• **EXERCISE OBJECTIVE**
Below are the records; give again exactly the line with "Photo of property", the line with "Đại úy Nguyễn", and each line that lies between them, and nothing besides.

Source records:
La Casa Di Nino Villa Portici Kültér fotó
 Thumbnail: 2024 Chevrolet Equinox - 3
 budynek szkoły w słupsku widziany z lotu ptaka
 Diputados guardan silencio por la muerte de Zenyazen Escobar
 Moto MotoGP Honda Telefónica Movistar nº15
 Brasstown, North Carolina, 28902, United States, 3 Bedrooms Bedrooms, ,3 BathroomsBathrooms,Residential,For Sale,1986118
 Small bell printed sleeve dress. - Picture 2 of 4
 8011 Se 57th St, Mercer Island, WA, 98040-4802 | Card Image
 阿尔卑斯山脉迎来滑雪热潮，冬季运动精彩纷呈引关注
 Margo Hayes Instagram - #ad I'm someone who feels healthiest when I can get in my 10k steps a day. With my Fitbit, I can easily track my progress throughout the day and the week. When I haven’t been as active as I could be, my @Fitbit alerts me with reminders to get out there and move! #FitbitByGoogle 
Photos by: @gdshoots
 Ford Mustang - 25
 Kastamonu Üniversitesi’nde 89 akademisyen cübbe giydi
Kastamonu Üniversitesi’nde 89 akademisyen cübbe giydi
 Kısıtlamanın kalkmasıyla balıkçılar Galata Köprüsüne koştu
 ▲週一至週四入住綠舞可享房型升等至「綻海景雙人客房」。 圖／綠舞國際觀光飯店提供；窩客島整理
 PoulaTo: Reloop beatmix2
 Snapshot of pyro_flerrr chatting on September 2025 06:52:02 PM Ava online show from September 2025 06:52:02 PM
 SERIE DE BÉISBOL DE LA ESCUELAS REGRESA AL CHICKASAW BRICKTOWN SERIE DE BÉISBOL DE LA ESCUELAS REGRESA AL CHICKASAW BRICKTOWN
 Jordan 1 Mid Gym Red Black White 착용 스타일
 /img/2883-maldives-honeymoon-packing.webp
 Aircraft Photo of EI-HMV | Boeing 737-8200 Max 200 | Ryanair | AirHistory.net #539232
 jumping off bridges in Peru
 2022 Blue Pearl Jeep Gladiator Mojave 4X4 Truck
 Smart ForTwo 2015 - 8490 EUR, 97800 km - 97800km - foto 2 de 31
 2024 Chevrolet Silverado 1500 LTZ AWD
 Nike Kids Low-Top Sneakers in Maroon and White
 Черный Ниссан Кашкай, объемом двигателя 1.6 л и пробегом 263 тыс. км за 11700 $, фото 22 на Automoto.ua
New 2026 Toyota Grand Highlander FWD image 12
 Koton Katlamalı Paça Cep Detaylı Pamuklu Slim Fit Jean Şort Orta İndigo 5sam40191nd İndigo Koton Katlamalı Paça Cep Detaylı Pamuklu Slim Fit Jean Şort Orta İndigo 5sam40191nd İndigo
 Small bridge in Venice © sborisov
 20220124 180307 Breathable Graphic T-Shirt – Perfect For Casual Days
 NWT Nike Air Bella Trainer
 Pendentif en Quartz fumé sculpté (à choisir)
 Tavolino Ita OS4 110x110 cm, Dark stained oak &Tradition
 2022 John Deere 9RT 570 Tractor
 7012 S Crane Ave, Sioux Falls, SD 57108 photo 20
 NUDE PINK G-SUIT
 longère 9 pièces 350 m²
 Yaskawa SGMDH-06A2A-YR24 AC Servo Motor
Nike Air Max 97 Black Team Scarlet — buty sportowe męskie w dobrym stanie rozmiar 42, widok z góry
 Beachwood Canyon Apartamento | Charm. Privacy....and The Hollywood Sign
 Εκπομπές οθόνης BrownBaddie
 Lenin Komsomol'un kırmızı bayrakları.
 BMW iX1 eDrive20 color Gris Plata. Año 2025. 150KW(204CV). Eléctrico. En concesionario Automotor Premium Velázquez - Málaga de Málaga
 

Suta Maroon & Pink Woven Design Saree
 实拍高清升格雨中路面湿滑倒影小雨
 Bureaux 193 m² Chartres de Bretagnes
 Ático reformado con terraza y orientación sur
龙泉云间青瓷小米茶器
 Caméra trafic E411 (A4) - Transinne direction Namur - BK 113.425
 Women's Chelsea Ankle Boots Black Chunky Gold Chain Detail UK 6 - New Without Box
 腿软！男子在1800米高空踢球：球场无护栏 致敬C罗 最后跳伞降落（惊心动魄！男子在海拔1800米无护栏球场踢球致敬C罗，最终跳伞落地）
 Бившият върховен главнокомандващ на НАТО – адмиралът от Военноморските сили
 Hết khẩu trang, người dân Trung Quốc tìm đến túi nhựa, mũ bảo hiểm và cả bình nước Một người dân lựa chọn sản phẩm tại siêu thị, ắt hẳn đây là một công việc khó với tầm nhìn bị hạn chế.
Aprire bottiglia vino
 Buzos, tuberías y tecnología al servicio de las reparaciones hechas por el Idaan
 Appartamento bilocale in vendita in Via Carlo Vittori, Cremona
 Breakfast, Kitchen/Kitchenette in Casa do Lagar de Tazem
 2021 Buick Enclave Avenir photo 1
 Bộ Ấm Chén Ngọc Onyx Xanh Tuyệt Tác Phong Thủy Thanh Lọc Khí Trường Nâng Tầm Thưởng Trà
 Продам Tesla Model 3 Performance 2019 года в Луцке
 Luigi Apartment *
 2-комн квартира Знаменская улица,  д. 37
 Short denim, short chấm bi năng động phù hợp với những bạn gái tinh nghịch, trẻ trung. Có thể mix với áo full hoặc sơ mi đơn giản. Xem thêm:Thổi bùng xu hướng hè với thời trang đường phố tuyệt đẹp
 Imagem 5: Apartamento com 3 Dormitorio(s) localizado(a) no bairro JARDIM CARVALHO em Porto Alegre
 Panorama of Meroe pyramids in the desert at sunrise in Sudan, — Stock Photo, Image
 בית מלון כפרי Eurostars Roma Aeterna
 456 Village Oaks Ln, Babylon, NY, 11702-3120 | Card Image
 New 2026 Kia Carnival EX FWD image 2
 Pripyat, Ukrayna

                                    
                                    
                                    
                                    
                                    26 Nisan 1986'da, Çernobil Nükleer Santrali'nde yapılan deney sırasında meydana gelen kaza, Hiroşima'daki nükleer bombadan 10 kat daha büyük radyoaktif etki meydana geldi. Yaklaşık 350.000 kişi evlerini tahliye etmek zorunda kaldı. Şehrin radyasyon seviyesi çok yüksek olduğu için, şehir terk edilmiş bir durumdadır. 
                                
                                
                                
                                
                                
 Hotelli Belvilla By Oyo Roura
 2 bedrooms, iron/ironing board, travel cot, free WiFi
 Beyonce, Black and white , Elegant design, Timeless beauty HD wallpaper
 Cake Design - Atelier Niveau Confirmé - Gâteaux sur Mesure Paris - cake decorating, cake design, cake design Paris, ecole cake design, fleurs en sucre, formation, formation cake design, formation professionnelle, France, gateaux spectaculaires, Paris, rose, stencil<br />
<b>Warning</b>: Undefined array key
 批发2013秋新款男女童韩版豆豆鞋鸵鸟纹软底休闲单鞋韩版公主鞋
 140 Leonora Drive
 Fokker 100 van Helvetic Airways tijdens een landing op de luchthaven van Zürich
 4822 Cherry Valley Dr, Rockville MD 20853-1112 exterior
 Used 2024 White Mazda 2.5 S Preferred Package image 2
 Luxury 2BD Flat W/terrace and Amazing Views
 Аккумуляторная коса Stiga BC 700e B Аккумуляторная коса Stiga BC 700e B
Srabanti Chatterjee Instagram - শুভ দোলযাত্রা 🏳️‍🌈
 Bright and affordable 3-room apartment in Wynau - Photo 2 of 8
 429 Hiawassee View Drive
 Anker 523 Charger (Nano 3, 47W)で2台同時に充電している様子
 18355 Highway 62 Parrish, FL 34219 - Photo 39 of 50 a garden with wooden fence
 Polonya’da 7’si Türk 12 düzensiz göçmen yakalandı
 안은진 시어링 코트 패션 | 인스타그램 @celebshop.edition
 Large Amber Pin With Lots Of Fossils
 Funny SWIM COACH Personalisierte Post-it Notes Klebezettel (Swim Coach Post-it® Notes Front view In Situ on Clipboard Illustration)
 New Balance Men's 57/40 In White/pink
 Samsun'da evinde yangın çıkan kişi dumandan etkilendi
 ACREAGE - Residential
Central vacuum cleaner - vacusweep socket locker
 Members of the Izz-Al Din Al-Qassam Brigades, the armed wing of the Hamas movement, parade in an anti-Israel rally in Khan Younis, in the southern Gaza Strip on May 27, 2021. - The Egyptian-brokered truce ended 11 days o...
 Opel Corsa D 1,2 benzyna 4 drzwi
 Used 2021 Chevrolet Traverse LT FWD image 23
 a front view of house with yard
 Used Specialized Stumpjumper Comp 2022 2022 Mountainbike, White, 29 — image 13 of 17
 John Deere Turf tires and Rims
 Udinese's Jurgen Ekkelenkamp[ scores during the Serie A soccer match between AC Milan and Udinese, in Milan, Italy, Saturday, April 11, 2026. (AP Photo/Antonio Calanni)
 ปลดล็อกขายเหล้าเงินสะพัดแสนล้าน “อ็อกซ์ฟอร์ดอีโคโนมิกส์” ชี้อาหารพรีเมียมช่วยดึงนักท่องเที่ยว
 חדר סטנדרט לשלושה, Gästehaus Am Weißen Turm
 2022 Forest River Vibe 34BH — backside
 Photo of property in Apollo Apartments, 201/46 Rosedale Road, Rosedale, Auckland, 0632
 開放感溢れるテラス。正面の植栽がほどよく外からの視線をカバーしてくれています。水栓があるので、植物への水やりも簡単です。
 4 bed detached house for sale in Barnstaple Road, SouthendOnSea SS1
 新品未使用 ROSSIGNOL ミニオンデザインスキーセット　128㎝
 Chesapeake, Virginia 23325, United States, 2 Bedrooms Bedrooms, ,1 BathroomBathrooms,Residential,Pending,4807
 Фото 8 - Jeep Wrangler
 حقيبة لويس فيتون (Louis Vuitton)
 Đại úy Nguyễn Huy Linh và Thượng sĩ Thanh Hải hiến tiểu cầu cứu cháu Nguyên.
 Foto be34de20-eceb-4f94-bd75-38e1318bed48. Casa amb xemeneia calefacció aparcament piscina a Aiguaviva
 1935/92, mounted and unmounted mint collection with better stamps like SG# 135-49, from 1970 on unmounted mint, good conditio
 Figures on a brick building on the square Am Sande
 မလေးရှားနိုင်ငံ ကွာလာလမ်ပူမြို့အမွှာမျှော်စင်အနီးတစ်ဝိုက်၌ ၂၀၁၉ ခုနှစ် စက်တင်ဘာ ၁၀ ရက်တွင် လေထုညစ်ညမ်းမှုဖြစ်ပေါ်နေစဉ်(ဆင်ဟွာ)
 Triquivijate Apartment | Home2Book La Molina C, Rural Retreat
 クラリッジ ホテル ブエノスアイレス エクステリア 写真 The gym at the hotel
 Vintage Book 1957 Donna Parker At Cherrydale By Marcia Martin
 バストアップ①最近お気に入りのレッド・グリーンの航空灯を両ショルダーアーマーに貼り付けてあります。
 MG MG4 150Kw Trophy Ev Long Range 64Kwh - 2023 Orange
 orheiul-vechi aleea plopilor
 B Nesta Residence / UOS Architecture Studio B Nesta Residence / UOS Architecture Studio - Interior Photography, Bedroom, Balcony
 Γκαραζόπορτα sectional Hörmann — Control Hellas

• **OUTPUT**
 Photo of property in Apollo Apartments, 201/46 Rosedale Road, Rosedale, Auckland, 0632
 開放感溢れるテラス。正面の植栽がほどよく外からの視線をカバーしてくれています。水栓があるので、植物への水やりも簡単です。
 4 bed detached house for sale in Barnstaple Road, SouthendOnSea SS1
 新品未使用 ROSSIGNOL ミニオンデザインスキーセット　128㎝
 Chesapeake, Virginia 23325, United States, 2 Bedrooms Bedrooms, ,1 BathroomBathrooms,Residential,Pending,4807
 Фото 8 - Jeep Wrangler
 حقيبة لويس فيتون (Louis Vuitton)
 Đại úy Nguyễn Huy Linh và Thượng sĩ Thanh Hải hiến tiểu cầu cứu cháu Nguyên.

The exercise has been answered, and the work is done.